Task objective:
Below this line are records; write out exactly the lines from the one containing "Introduction To Corpus" through the one containing "I Love Guyana", with the pictures left out.

Supplied information:
++++++++++++++++++++

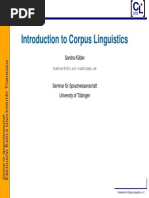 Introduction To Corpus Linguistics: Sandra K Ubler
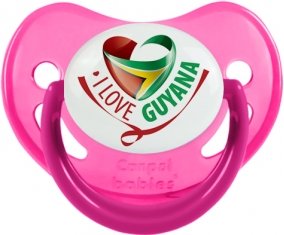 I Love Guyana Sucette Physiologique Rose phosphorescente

++++++++++++++++++++

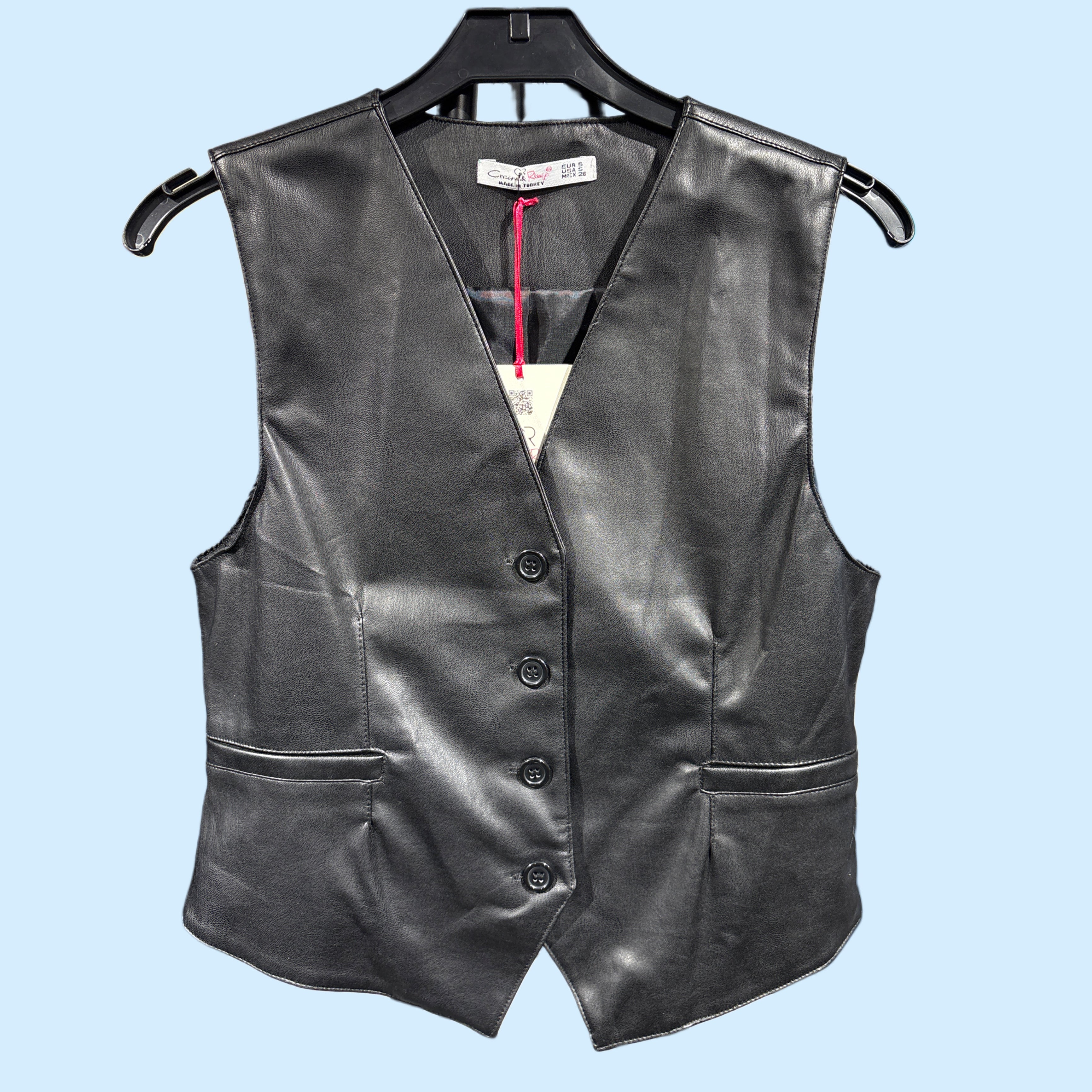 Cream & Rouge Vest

++++++++++++++++++++

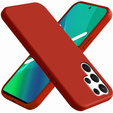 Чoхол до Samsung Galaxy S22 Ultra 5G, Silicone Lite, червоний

++++++++++++++++++++

Task response:
 Introduction To Corpus Linguistics: Sandra K Ubler
 I Love Guyana Sucette Physiologique Rose phosphorescente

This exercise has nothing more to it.